This is what victory looks like.
Ever since I discovered Eric Nies and his impossibly chiseled abs on television as an 11-year-old, I knew that MTV was the place for childhood wonderment. The series he sometimes-hosted was called "The Grind," and while the show's set would probably now look like a scene from a sleezy Saturday night in Seaside (sorry, guys), I was young, sprite, and believed the network to be the place where girls who'd just grown into their disproportionately large ears and nose could go and shimmy their hips while wearing denim mini skirts on the beach. MTV wasn't this abstract and intangible cable channel stationed in a far away land manned by chocolate-covered gumdrops; rather, it was an actual person, place, and thing (later when deciding to be a journalist I'd learn that this is also called a noun). I wanted to go to there.
So I did. For many moons, I scribbled posts about Hillzian-in-Chief Lauren Conrad and her rise to world domination (which also included the collapse of Spencer Pratt, who once threatened to investigate me over Twitter [it took me 20 minutes to find proof of this]), live-tweeted "Jersey Shore" episodes from the privacy of my Barbie-sized toilet, and once believed that, after working into the wee hours of the night for the 2010 Video Music Awards and losing all sense of spatial direction, I'd certainly meet my fate if I ingested One. More. Energy Drink. (This single sip won't kill me, I'd say.)

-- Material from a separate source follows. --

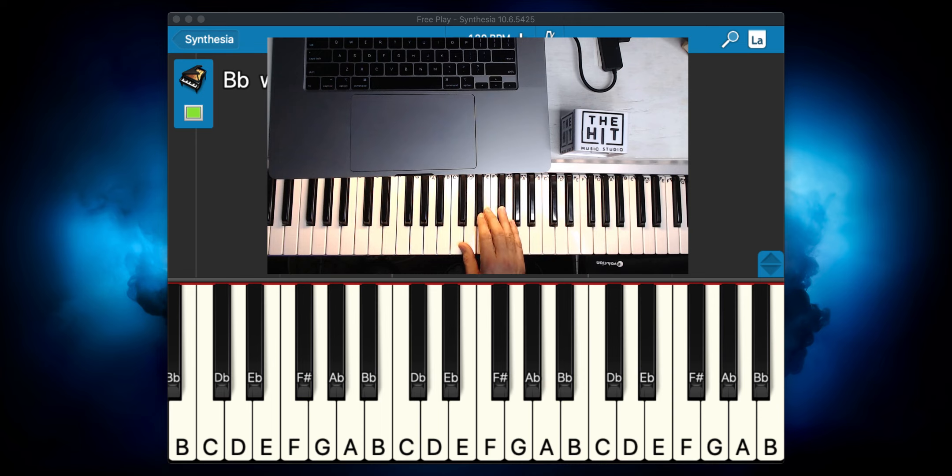Immediately after, I want you to move your finger three to E-flat. I'm going to play the solo in its entirety a little bit slow so you can use it as a reference. From there, we're going to do E-flat, F, G, E-flat again, and C. This is a C minor chord and it's not very hard.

But now it's my time to bow out from the magical world of Remote Control, led by a phenom once-named Control Freak (she dropped some letters and now goes by Lisa). Sadly, many of you won't care about my departure and I can't blame you--ever since this kid showed up he's put my writing chops to shame--but I'd feel remiss if I didn't explain why you'll see my name appear on the blog less frequently. That, friends, would just be bad internet.